■ Exercise directions ■
Gather each line of the entries below that includes "wall".

^^^^^^^^

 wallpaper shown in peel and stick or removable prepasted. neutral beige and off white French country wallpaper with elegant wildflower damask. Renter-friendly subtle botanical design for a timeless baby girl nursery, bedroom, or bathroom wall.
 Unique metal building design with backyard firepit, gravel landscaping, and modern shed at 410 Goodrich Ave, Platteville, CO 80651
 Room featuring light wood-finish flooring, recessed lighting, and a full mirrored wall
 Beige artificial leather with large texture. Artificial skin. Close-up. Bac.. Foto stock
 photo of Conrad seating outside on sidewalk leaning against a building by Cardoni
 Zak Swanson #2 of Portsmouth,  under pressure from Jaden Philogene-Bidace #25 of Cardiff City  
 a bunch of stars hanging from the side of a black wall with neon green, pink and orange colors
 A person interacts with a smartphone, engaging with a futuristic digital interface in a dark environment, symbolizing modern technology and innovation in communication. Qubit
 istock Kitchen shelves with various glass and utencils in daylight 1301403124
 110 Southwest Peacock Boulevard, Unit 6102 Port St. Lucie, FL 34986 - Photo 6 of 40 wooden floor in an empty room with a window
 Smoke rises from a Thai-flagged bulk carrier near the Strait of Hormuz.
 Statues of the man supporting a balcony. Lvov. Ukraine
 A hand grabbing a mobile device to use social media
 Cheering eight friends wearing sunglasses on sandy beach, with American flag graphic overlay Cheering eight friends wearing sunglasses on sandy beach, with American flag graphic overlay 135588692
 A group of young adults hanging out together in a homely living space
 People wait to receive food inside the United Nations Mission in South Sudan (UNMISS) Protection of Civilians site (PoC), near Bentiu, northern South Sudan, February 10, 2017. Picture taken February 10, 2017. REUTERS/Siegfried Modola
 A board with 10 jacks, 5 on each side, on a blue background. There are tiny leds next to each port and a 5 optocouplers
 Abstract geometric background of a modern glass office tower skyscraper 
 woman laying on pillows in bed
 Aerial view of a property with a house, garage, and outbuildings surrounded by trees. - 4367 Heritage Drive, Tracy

^^^^^^^^

■ The completed task ■
 wallpaper shown in peel and stick or removable prepasted. neutral beige and off white French country wallpaper with elegant wildflower damask. Renter-friendly subtle botanical design for a timeless baby girl nursery, bedroom, or bathroom wall.
 Room featuring light wood-finish flooring, recessed lighting, and a full mirrored wall
 a bunch of stars hanging from the side of a black wall with neon green, pink and orange colors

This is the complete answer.